Spring Bass Fishing 101

By Todd Reed

Each March and early April around the state of Iowa people start to focus their thoughts on catching that first bass of the year. Spring is an excellent time of year to target bass around Iowa and most likely you will catch your biggest bass of the whole year in one of these two months. This month we will focus on where to look when targeting early spring bass, the best baits to throw at them and how to make sure your tackle is ready for the upcoming season.
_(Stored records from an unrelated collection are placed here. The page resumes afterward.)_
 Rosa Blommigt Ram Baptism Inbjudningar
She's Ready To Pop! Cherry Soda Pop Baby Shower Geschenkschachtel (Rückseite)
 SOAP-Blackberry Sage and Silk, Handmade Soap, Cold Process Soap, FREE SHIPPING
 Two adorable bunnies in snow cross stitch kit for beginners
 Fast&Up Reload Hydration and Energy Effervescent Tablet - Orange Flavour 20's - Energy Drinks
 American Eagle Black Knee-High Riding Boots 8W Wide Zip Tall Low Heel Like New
Largemouth bass are one of the most popular fish to catch here in Iowa, and for good reasons. They can grow to sizes of over five pounds in public waters and private ponds. They will attack artificial baits and make a bobber disappear faster than any other fish can. Another reason people love to chase the largemouth bass is because of the fact that once you catch one, more are sure to come. However, before you catch that first one, you have to really think about the season and where the fish should be living and feeding on a daily basis. In the early spring, weather is the biggest factor and with the fronts that move through Iowa in March and April; they will make a huge impact on bass fishing. To keep things simple, there are two kinds of weather patterns during the early spring in Iowa, good weather and bad weather. The bad weather would include those cloudy, cold-front days that seem to pop up frequently. The nicer weather in spring are the warm, sunny days with mild breezes. These weather patterns will determine where the bass are during the early spring.
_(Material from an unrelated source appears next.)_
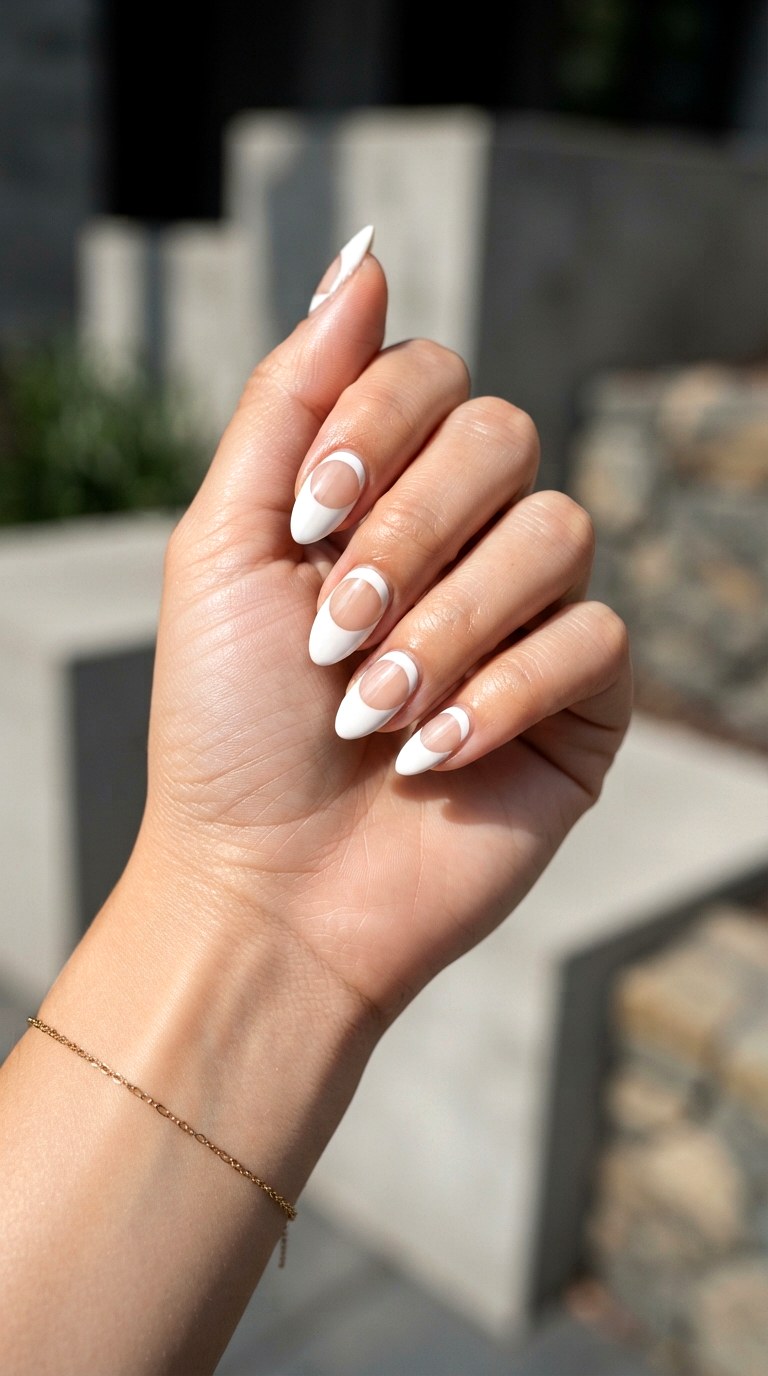 White Almond Nails With Negative Space Moons - 30 white almond nails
Good weather: Spring is full of ups and downs, especially with the weather. When the weather is mild and temps are on the rise for a few days the bass take note. These types of days warm the lake/river waters and tell the bass to feed up. During these nicer days the shallow water will warm quickly and give a boost to that ecosystem. The micro-organisms, bugs, bait fish, and even crawdads when water temps reach into the fifties will come alive. This boost to the ecosystem gives life to river backwaters and shallow coves in our lakes. These days should tell you to focus your efforts on shallow water, as that is where the bass will be feeding. Another key area is around any rocky banks. The rocks will soak up that sunlight and warm the water near it, again boosting the ecosystem and letting the bass eat.
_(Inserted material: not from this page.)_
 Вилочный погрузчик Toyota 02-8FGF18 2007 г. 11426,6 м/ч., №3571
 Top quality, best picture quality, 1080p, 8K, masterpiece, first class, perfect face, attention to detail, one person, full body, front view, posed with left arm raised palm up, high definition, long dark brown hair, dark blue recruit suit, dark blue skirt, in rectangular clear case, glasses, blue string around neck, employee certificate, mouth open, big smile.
Bad weather: Cloudy, overcast cold-front days are part of spring too. These days when the water is cooling and you may never actually see the sun are the days when you must make adjustments to your locations to catch bass. Bass have a tendency to leave those shallow areas and swim to the nearest deep water, which will hold its temperature much longer. The bass is a cold-blooded creature and does not like a rapid change in water temperature, so it will swim in hopes of finding warmer water, thus the change to deeper areas. The areas you should look for should be close to those shallow coves and backwaters because the bass and all the bait do not want to travel long distances if they don’t have to. Deep banks, channel swings, and dams make for great areas to look for bass when the coldest of spring weather happens.

Now that we have some general locations to focus in on, what baits are the best? If you are a live bait angler then a nightcrawler or large minnow under a bobber can be very enticing in the spring. Artificial baits have countless looks and varieties to choose from. There are a few that I turn to in the early spring. To put it simply, a jig and plastic chunk will catch more bass time and time again than any other lure during this time of year. You must give it a try if you haven’t. The key to this bait, especially on those cold-front days is to work it slow, and then slow down some more. The slower you move this bait and any other slow moving bait the better the chance you have of catching bass in the early spring. Two other baits that work very well in the early spring are a spinnerbait and a jerkbait. These two baits can be worked very quickly on those warm sunny days to pick off bass chasing bait fish in the shallows. Some days the bass will practically rip the rod right out of your hand with their vicious strikes. Whether it is a warm spring day or a cold and miserable one, these three baits tend to catch the most bass every spring around this fine state.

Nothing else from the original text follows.